2023 Basketball Champions League Final Four
- Season: 2022–23 season

Tournament details
- Arena: Palacio de Deportes José María Martín Carpena Málaga, Spain
- Dates: 12–14 May 2023

Final positions
- Champions: Telekom Baskets Bonn (1st title)
- Runners-up: Hapoel Jerusalem
- Third place: Lenovo Tenerife
- Fourth place: Unicaja

Awards and statistics
- MVP: T. J. Shorts (Telekom Baskets Bonn)
- Top scorer(s): T. J. Shorts (Telekom Baskets Bonn) – 50 points
- Attendance: 42,741 (10,683 per game)

= 2023 Basketball Champions League Final Four =

European club basketball tournament

The 2023 Basketball Champions League (BCL) Final Four was the 7th Basketball Champions League tournament and the 5th in the format of Final Four. It was the concluding phase of the 2022–23 Basketball Champions League season.

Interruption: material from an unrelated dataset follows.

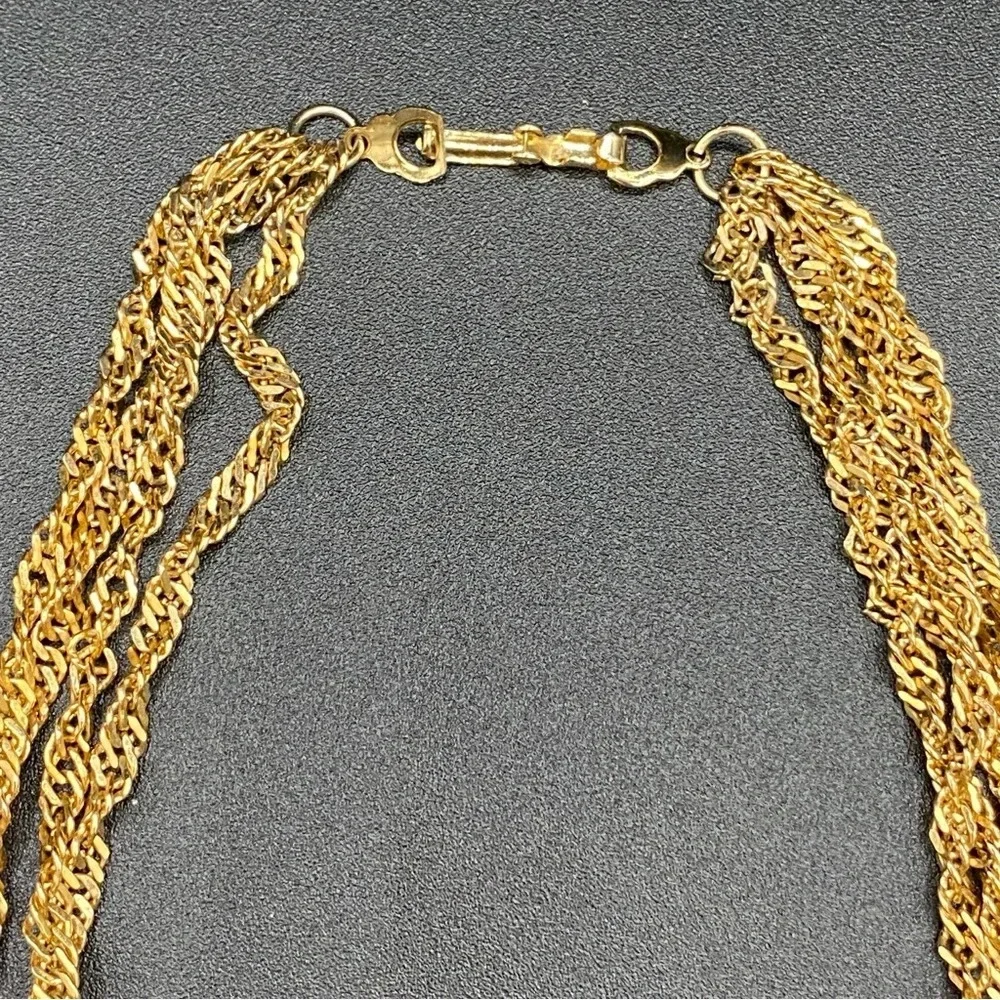 Sparkly Gold Tone Multilayered Necklace - Picture 7 of 9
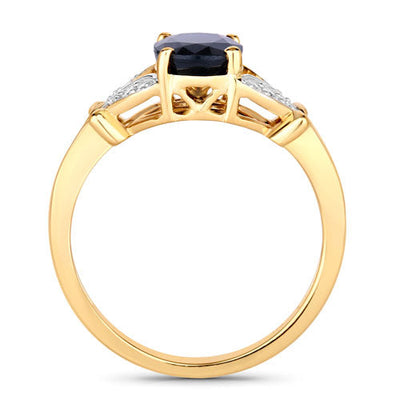 1.62 Carat Blue Sapphire and Diamond 14K Yellow Gold Ring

It was the first time the tournament was held in Málaga. The championship was won by Telekom Baskets Bonn, who became the first German BCL champions. They defeated runners-up Hapoel Jerusalem in the final. Lenovo Tenerife finished in third place, Unicaja in fourth place.

Telekom Baskets guard T. J. Shorts won the Final Four MVP award, becoming the first player in league history to win both the season MVP and Final Four MVP award in the same season. He scored 50 points in his two games, setting a new record for most points by a player, formerly held by Kevin Punter (2018). Shorts also set a record for most points in both a final four game by scoring 29 points in the final.

==Venue==
The Palacio de Deportes José María Martín Carpena hosted the final tournament for the first time.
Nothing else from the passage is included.